Another, more heavyweight, approach might be to use Condor to distribute your archiving jobs. But I think you wouldn't install Condor just for the twice-yearly archiving runs, it's more of a system for regularly scavenging spare cycles from networked hardware.
The SCons build system, which is really a Python-based replacement for make, could probably be persuaded to hand work off across the network.
Then again, you could use scripts to ssh to start jobs on networked PCs.
So there are a few ways you could approach this without having to take up parallel programming with all the fun that that entails.
Does anyone know how a computer cluster can be used for everyday applications, like for example video games?
I would like to build a computer cluster that can run applications over the cluster that were not specifically designed for computer clusters and still see the performance increase. One use would be for video games, but I would also like to utilize the increased computing power for running a large network of virtualized machines.
It won't help, especially in the case of video games. You have to build around the cluster; the cluster does not work around you.
At any rate, video games require sub-50ms response time on input and response,and network propagation would just destroy any performance gains you might see. Video processing, on the other hand, benefits GREATLY from the cluster as the task is inherently geared toward parallelization. It does not require user input, and output is only measured in terms of the batch process.
If you have a program written for a single core, running it on a four-core processor won't help you (except that one core can be devoted to that program). For example, I have Visual Studio compiling on multiple cores on this machine, but linking is done on one core (and is annoyingly slow). In order to get use out of multiple cores, I have to either run something that can use multiple cores or run several separate programs.
Clusters are like that, only more so. All communication between the machines is explicit and must be programmed in. There are things you can do with a cluster (see Google's map-reduce algorithm), but they do require special programming and work.

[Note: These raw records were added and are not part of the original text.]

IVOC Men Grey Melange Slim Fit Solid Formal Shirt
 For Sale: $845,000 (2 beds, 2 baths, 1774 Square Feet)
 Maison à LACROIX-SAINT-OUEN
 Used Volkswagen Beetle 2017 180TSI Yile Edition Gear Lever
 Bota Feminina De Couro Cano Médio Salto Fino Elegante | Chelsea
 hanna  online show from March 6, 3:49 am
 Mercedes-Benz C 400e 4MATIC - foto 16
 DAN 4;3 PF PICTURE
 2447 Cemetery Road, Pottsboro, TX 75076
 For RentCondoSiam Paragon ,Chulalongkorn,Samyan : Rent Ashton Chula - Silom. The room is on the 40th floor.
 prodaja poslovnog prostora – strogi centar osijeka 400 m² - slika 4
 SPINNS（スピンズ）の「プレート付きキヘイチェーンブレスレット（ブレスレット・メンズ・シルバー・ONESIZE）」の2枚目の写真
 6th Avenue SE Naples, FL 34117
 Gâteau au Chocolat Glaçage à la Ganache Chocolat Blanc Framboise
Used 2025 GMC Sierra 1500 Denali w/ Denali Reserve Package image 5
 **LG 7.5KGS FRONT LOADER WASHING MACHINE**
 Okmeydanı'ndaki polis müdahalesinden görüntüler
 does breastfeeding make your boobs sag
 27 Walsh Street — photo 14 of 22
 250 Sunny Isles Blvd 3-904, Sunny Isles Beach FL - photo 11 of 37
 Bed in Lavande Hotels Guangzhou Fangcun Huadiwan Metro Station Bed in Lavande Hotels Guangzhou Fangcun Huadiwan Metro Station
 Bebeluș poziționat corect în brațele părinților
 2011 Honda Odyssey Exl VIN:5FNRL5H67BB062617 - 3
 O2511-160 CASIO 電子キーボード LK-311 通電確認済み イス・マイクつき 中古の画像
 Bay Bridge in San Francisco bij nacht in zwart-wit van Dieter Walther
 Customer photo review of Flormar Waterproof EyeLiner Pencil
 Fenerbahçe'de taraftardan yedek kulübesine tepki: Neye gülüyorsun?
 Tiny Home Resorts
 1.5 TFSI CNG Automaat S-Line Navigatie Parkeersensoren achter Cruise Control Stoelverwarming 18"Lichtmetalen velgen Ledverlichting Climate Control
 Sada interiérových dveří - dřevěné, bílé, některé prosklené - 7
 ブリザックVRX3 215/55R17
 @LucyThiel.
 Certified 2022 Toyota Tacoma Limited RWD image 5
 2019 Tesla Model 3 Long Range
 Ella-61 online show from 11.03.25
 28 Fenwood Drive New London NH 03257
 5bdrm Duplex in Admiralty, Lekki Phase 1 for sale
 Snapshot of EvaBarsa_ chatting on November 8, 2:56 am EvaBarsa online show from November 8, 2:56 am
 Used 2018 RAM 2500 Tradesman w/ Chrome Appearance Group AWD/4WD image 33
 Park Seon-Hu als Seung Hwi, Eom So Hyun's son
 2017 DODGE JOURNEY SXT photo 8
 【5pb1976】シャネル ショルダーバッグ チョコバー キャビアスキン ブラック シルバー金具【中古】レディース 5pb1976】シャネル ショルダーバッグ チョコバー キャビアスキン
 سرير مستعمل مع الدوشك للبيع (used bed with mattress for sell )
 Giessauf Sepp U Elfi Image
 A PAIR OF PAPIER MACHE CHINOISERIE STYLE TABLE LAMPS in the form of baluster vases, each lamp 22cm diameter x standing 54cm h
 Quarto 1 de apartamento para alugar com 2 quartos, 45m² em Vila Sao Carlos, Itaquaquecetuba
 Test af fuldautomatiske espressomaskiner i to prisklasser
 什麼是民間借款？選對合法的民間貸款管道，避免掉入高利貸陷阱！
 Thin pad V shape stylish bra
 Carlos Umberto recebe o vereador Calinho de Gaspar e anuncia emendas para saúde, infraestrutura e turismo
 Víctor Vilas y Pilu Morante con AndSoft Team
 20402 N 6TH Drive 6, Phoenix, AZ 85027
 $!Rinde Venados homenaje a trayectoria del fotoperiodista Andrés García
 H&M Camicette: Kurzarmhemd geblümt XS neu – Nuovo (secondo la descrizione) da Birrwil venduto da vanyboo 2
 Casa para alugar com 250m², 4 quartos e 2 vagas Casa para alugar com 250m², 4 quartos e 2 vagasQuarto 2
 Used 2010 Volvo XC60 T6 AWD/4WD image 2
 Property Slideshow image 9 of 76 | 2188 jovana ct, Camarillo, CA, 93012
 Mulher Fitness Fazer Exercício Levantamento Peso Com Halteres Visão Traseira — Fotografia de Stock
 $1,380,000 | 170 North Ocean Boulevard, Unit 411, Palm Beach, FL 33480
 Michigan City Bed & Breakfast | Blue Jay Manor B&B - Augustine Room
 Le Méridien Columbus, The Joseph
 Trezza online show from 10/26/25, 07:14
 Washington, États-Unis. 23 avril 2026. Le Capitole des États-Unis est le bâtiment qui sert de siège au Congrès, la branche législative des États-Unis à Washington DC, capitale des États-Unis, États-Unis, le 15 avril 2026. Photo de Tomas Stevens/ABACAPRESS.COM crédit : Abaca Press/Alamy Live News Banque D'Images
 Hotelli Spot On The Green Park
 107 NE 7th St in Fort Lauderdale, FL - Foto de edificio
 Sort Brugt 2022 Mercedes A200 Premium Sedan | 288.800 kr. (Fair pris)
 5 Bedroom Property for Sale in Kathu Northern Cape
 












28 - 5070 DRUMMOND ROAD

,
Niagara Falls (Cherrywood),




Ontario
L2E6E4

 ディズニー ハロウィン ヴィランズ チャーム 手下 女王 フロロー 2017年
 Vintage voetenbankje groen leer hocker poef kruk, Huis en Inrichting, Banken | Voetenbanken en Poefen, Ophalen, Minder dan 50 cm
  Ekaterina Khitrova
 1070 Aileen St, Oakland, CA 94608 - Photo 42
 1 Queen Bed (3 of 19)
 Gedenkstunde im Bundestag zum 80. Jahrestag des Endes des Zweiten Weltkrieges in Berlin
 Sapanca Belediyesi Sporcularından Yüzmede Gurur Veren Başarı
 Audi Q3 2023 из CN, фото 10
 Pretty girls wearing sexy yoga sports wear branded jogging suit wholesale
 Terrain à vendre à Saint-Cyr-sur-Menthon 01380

Typical clusters are used either to specialize machines (one might be a database server and one a web server, for example), or to run large numbers of programs simultaneously.
You will not be able to easily run a video game on a cluster, unless it was already designed to work on multiple machines. I have not heard of such a game. You may have some luck creating a virtual server farm, but I doubt it will be easy to get it working perfectly. If you are interested in this, one example would be amazon's EC2 service. They offer virtual machines for "rent" by the hour. Behind the scenes, I assume they have a giant cluster that is supplying all of these virtual machines.
Unfortunately, unless you have some pretty clever operating system / software design in mind - simply connecting programs together via a cluster and hoping to get increased performance is not likely to work - especially not for video games. In order to get increased performance from running things in a cluster you have to program for it otherwise there is a good change you'd see a decrease in performance rather than an increase.